W ith four months until the World Cup, the forces of Australian rugby are uniting. An exciting crop of players were taken into camp last month, fresh coaching staff were unveiled this week, there’s a raft of new sponsors in the wings and the code’s leaders are spruiking and recruiting with cash in the bank. Winning teams are built on such foundations.

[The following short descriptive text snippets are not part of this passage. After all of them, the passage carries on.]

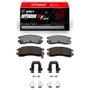 R1 97-10 Buick Century Rear Optimum OE Pads & Hardware Kit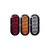 TQ T61-RRHP-1 6" OVAL RED STT HORIZ SURFACE MNT RED LENS PIGTAIL TecNiq Austin Hardware & Supply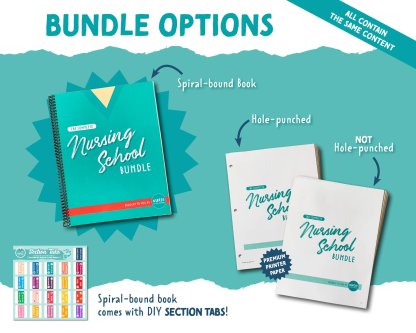 The Complete Nursing School Bundle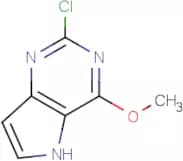 2-Chloro-4-methoxy-5H-pyrrolo[3,2-d]pyrimidine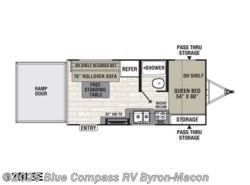 New 2020 Coachmen Freedom Express Select 17BLSE available in Byron, Georgia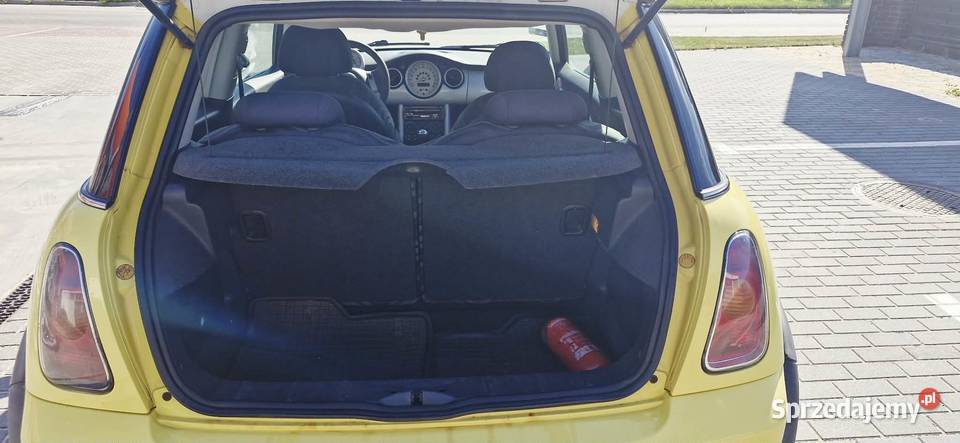 Sprzedam mini Cooper benzyna Cooper Bielsk Podlaski sprzedam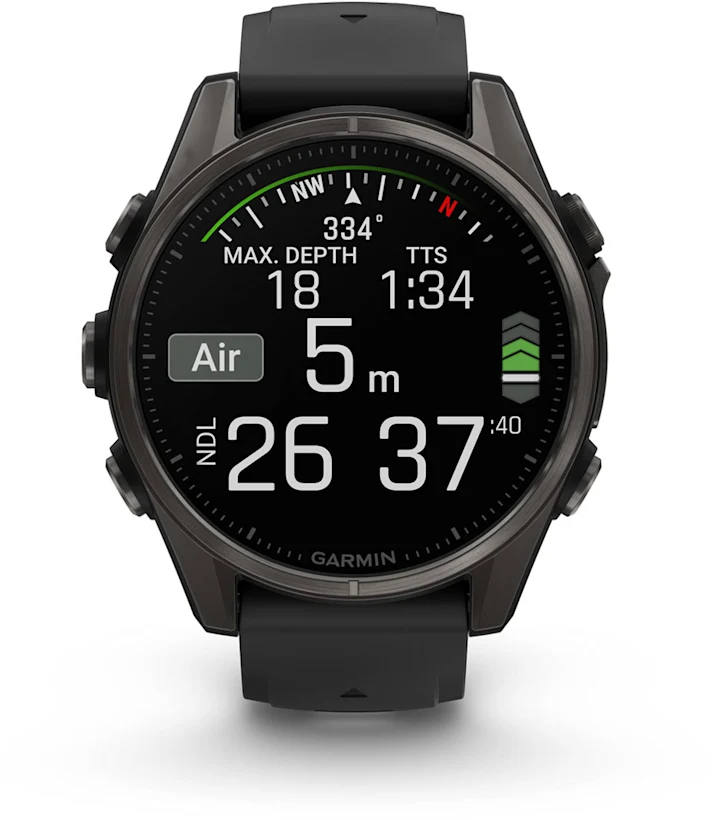 Garmin Fenix 8 AMOLED Sapphire 43mm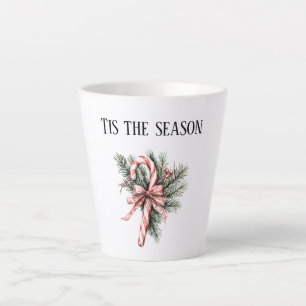 Tannenbaum Candy Cane Rot Weihnachten Milchtasse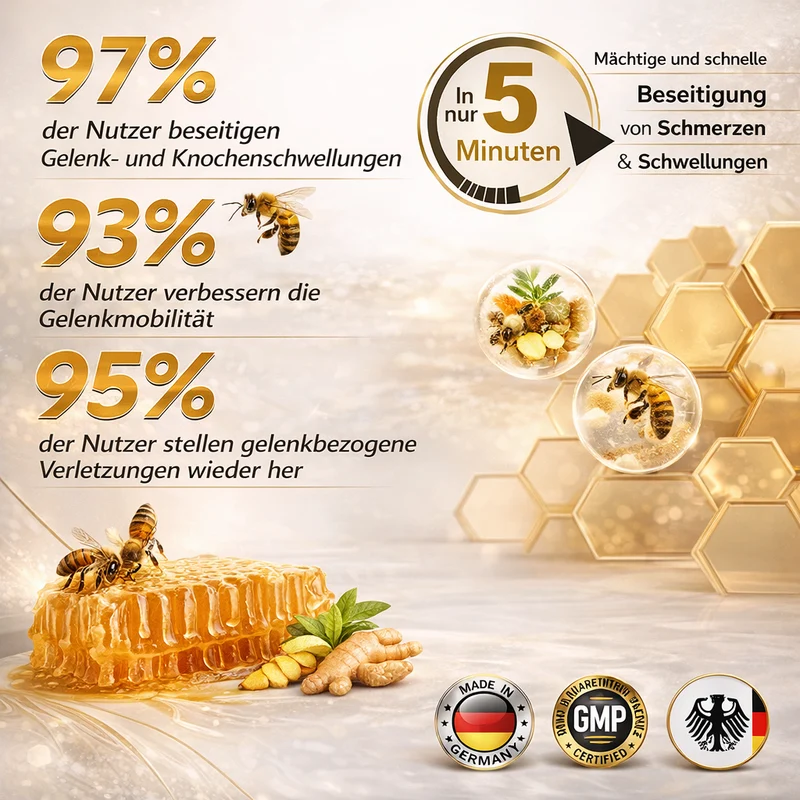 Bienengiftsalbe mit Hyaluron & Kollagen | BeeLixir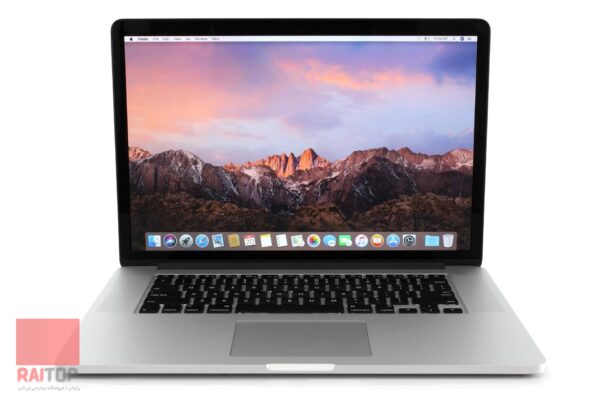 لپ تاپ 15 اینچی استوک Apple مدل MacBook Pro (2015) مقابل
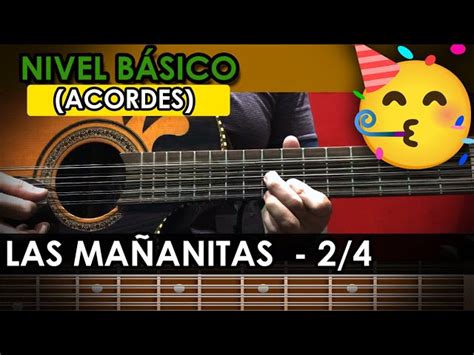 Las MaÑanitas [2 4] Bajo Sexto Bajo Quinto [ Tabs Acordes ] Chords Chordify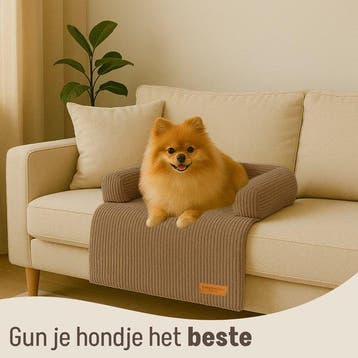 2dekans | By Cee Cee Origineel Hondendeken Bank –, Ophalen of Verzenden, Zo goed als nieuw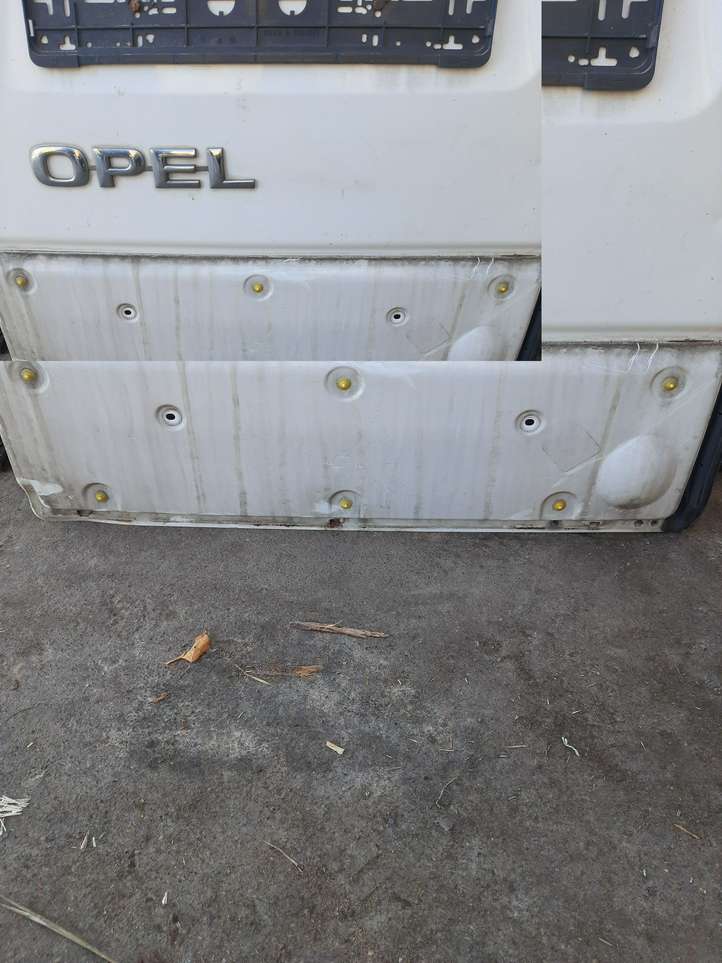 Opel Movano A (1998 - 2010)   Боковые раздвижные двери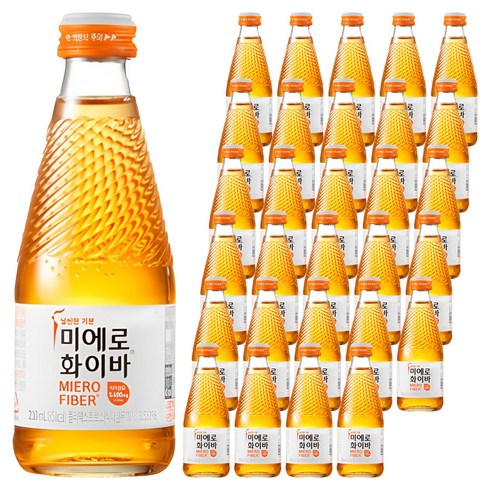 미에로화이바 현대약품, 210ml, 30개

Four years ago, it was a very different story. Rugby was a hot mess of explosive headlines and warring factions, within the team and the administration. The code had become a public battlefield of ideologies waged on religious, sexual, financial, legal and social fronts.

In the eye of this hurricane was Israel Folau – rugby star, Christian poster boy and fire-starter.

An NRL prodigy and Australian Rules experiment before becoming a Wallaby wunderkind, Folau was for a decade considered one of the greatest athletes of his generation. But he became the nation’s greatest pariah in 2018-19 when he went public with hardline religious views, offending many with his social media posts claiming gay people were hell-bound.

Folau’s rise and fall is charted in a powerful two-part documentary, called “Folau”, screening on ABC TV this Thursday 18 May and 25 May. Featuring revealing interviews with Folau’s coaches, teammates, spiritual and legal advisers, it is not a sports documentary. Rather it tells a strange and tragic tale of how a high-profile sportsman made himself into a political and religious football.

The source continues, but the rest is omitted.